INFORMATION GIVEN ::
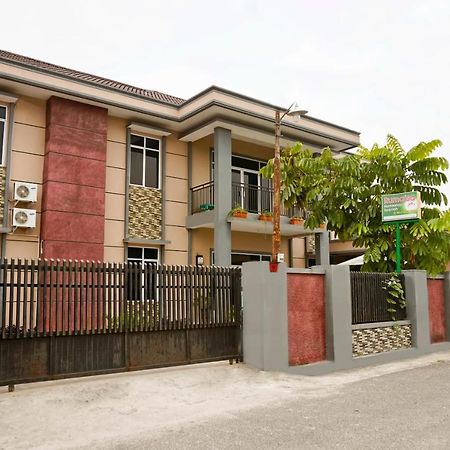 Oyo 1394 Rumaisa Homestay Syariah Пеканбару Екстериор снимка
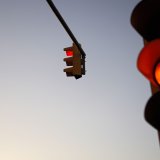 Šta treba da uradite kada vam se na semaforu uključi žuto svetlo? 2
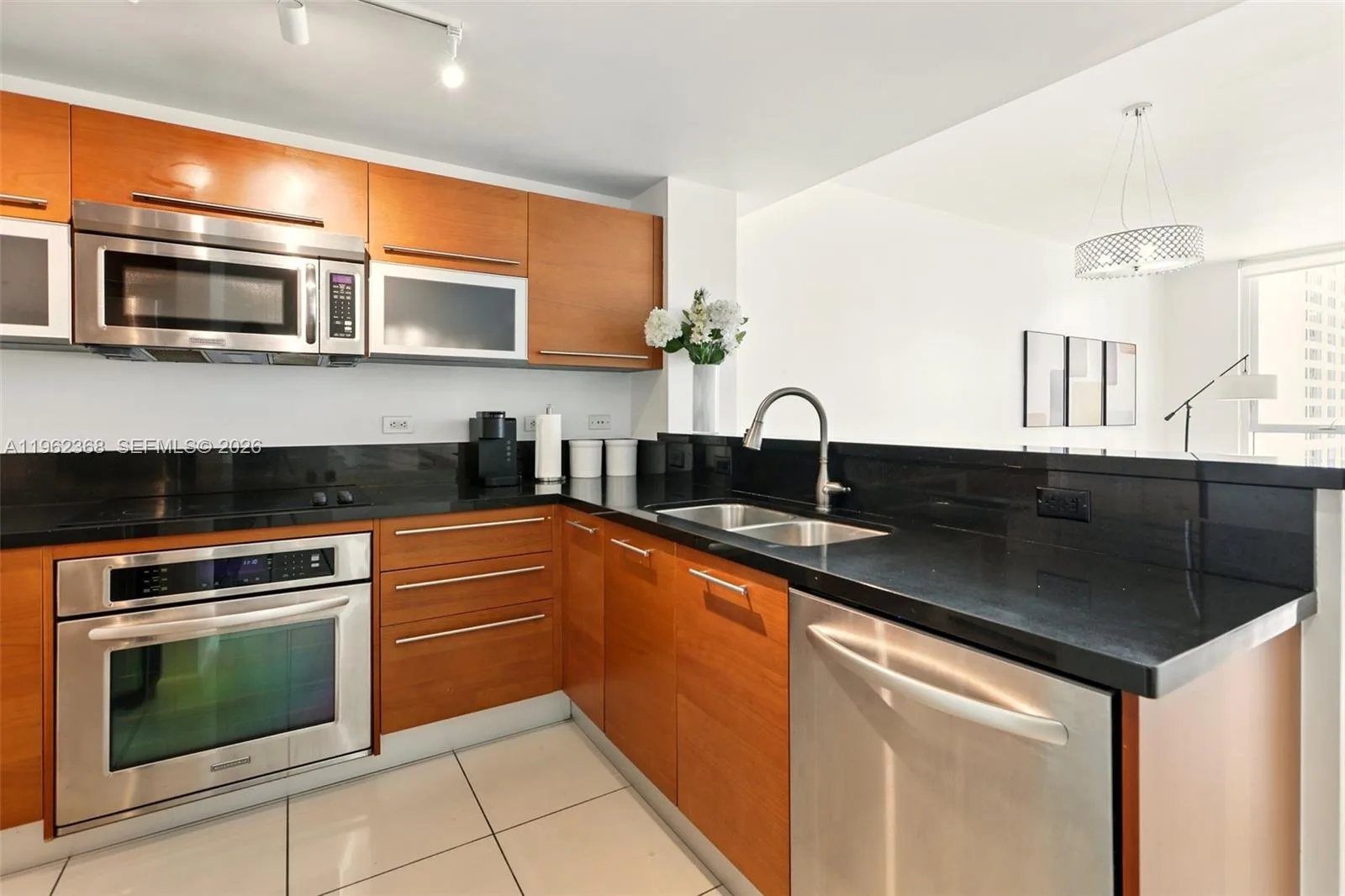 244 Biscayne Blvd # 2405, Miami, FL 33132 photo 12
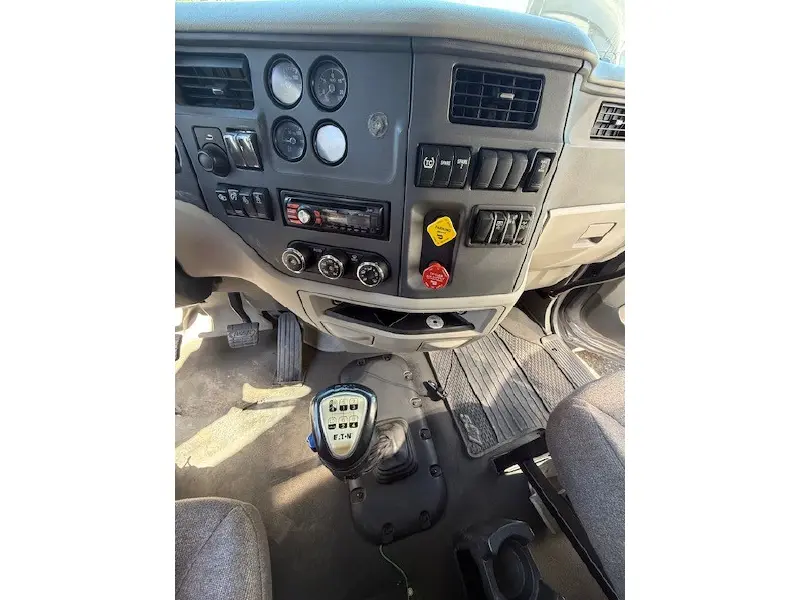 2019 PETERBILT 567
...
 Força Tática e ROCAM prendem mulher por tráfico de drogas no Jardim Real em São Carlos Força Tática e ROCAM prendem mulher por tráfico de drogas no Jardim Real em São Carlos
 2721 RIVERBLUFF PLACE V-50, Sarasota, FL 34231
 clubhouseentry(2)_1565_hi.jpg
...
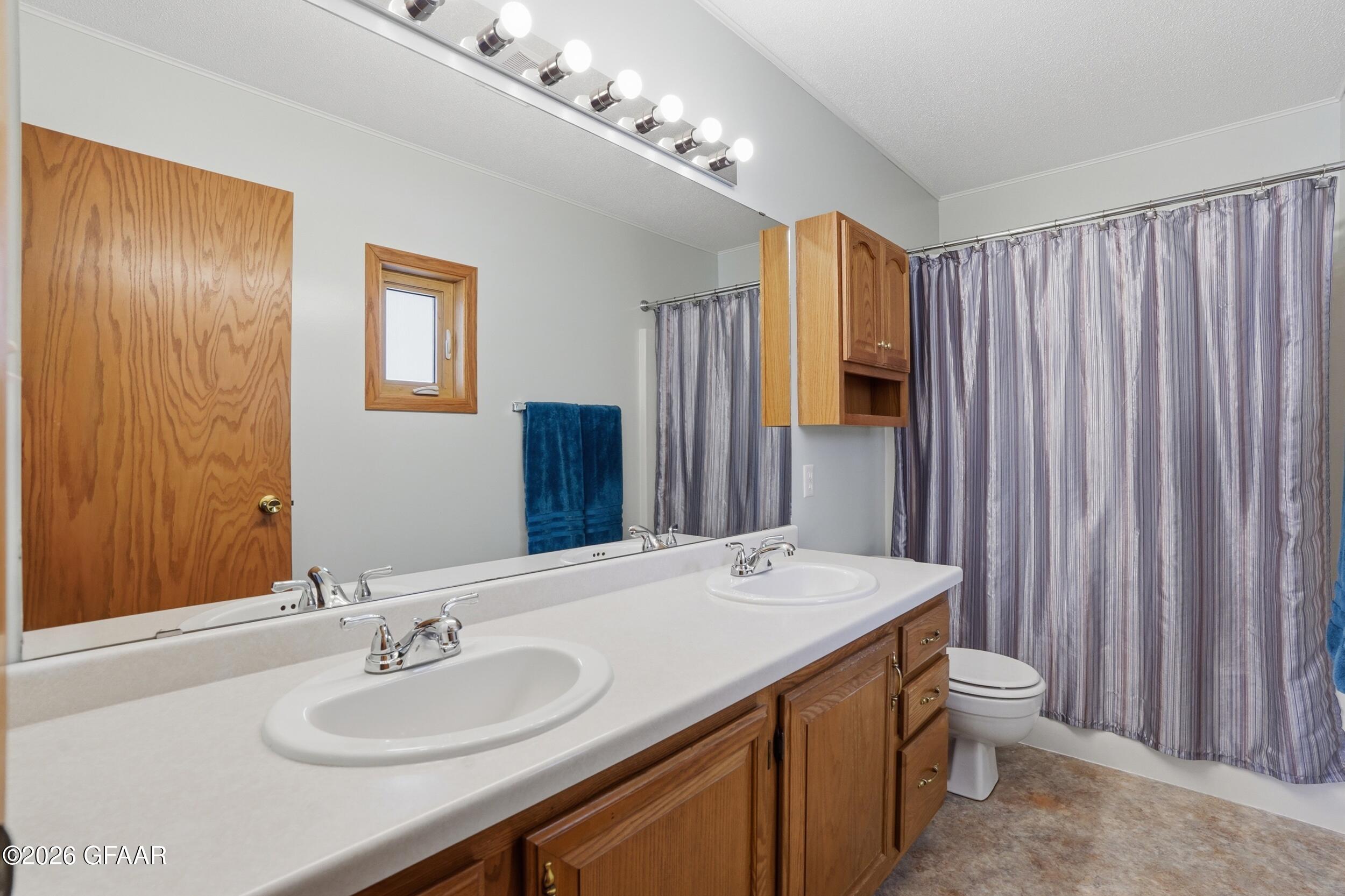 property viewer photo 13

ACTIVITY ::
In the data above, start at the line holding "Oyo 1394 Rumaisa" and stop after the line holding "2019 PETERBILT 567"; write out those lines exactly, without pictures.

TASK SOLUTION ::
 Oyo 1394 Rumaisa Homestay Syariah Пеканбару Екстериор снимка
 Šta treba da uradite kada vam se na semaforu uključi žuto svetlo? 2
 244 Biscayne Blvd # 2405, Miami, FL 33132 photo 12
 2019 PETERBILT 567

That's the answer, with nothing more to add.